Clinton Albert Pierce (June 15, 1894 – August 22, 1966) was an American brigadier general and commander of the 26th Cavalry Regiment (Philippine Scouts) during the Battle of Bataan.

Pierce served as a corporal in the Illinois National Guard field artillery from June to October 1916. He was commissioned as a U.S. Army second lieutenant of cavalry in March 1917. Pierce served as a temporary major during World War I.

Pierce graduated from the Cavalry School advanced course in 1932. He was promoted to major in March 1930 and lieutenant colonel in July 1939.

Sent to the Philippines in May 1940, Pierce received temporary promotions to colonel in October 1941 and brigadier general in January 1942. He then assumed command of the 71st Division.

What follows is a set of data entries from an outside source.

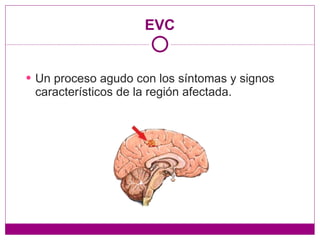 EVC Un proceso agudo con los síntomas y signos característicos de la región afectada. 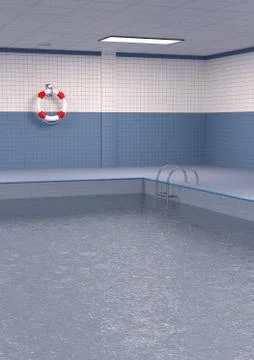 3D Rendering Public Indoor Pool Stock Illustration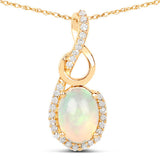 0.56 Carat Genuine Ethiopian Opal and White Diamond 14K Yellow Gold Pendant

After surrendering to Japanese forces in April 1942, Pierce spent over three years as a prisoner of war.

In March 1947, his temporary promotion to brigadier general was renewed. In April 1947, his promotion to colonel was made permanent retroactive to December 1945. His postwar assignments were at Fort Riley, Kansas and Augsburg, West Germany. He retired from active duty as a brigadier general on February 28, 1951.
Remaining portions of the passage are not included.